Working capital, which is also called “Net working capital” is the difference between a company’s (current) liabilities and its (current) assets. Understanding what working capital is can help businesses to understand its financial health in addition to its operational efficiency and liquidity.
- What is Working Capital?
- How to Calculate Working Capital
- What is Net Working Capital?
- A Misleading Net Working Capital
- Altering the Net Working Capital
What is Working Capital?
Let’s imagine that you have invested a lot of working capital into your business. You will have much more potential to grow. However, if your business’s assets don’t exceed its liabilities, you could have difficulty paying back your creditors or you might have difficulty expanding.
If a business wants to bring out a new product or expand into new markets, they might need some investment into their working capital. This will reduce cash flow; however, the amount of cash will fall if it is not collected quick enough.
Any business that inefficiently uses their working capital can make things run more smoothly by putting pressure on their customers and their suppliers to help.
How to Calculate Working Capital
If you would like to calculate your business’s working capital, you compare its current liabilities to its current assets.
Current assets are:
- accounts receivable and anything else that can be sold or liquidated in 12 months or less.
Current liabilities are:
- long-term debt
- taxables payable
- accounts payable
The formula that’s traditionally used to work out working capital is:
Current assets – Current liabilities = Working capital
What is Net Working Capital?
Net operating working capital is a real measure of a business’s liquidity.
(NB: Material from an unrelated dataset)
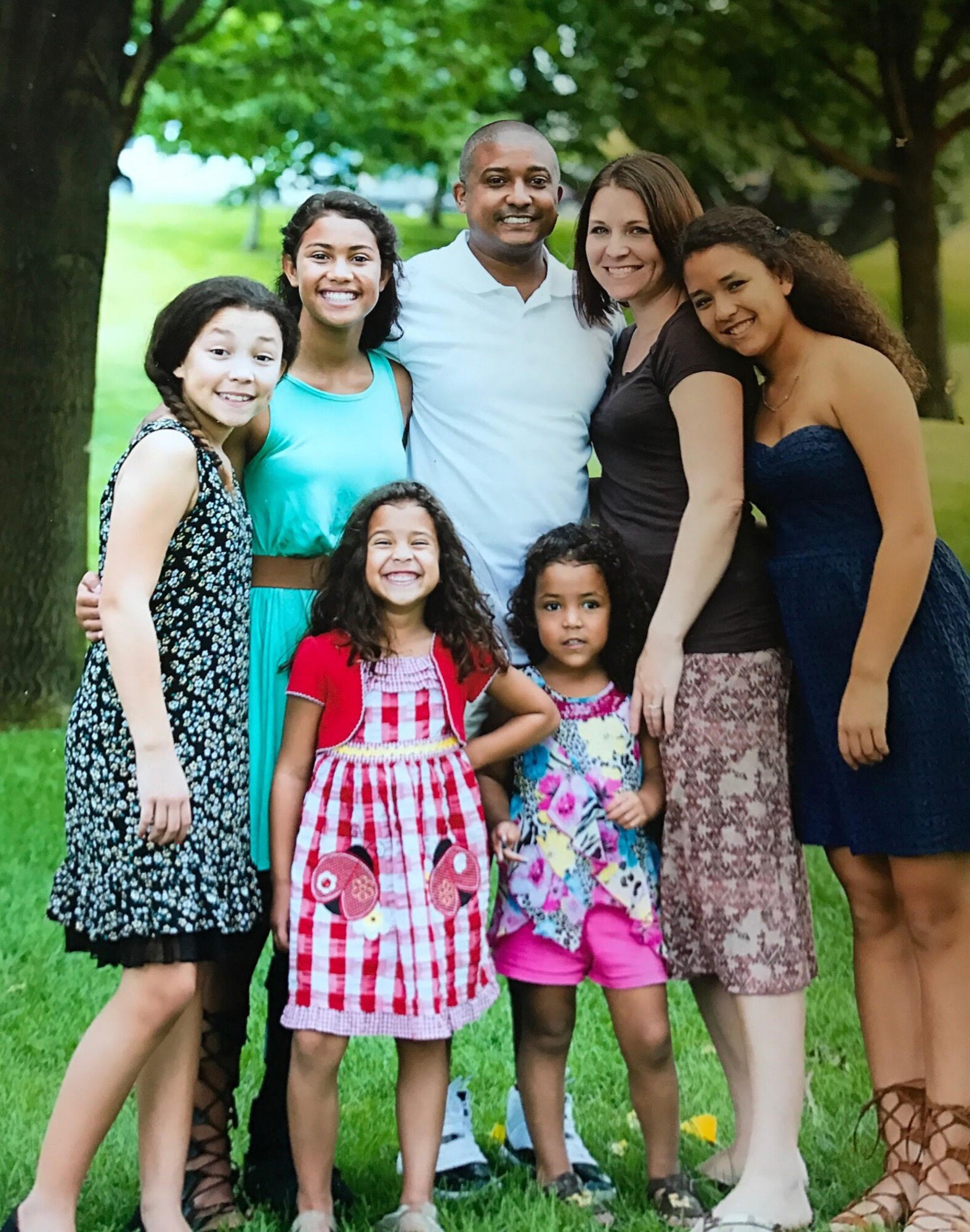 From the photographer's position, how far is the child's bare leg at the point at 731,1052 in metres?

This amount refers to the difference there is between the operating current liabilities and operating current capital. In some cases, these amounts are the same and they come from accounts receivable and company cash, plus the inventory and minus any accrued expenses. The net working capital is used to measure a business’s short-term liquidity. What’s more, is it can be used to help give an impression of the company’s ability to utilise their assets efficiently.
If you wish to calculate the net working capital, you use this formula:
Cash and any cash equivalents + marketable investments + inventory + trade accounts receivable – trade accounts payable = your net working capital.
If the net working capital is very positive, it indicates that short-term funds are available. They come from current assets and there’s more than enough to pay for any current liabilities. If the net working capital is very negative, the business might not be able to pay any current liabilities. In cases such as this, bankruptcy could occur. When net working capital is tracked, it can show a decline in improvement over time.
Net working capital can be used to determine whether a business can grow quickly. If there are a lot of cash reserves, the business might be able to scale-up quickly. However, if there is little cash it means the business is a lot less likely to grow. This can be determined if the accounts receivable are shorter than accounts payable. In other words, a business needs to collect payment before it can pay its suppliers.
A Misleading Net Working Capital
A businesses net working capital can be quite misleading. This is because it can have a lot of credit which can pay for any shortfalls. This means there is very little risk of bankruptcy. The credit is used when an obligation has to be paid. The business can also use their working capital against the credit that they have left. If there is not much credit left, there could be a liquidity issue.
If the net working capital is measured using one date it will not account for its general trend. A large and one-time-only account that is payable night not have been paid as yet. This means a smaller figure is created.
Current assets are not always very liquid. This means that they might not be available for paying short-term liabilities. In addition to this, some accounts receivable night not be collected in the short-term. This is the case if the credit terms are very long.
Altering the Net Working Capital
The net working capital can be altered in the following ways:
- Asking customers to make a payment much more quickly.
- Actively collecting any outstanding debts
- Using just-in-time inventory purchases
- Sending unused inventory back to suppliers
- Extending the time period between receiving the goods and when payment is made
What is working capital? It’s the difference between a company’s (current) liabilities and its (current) assets. Understanding what working capital is can help businesses to understand its financial health in addition to its operational efficiency and liquidity.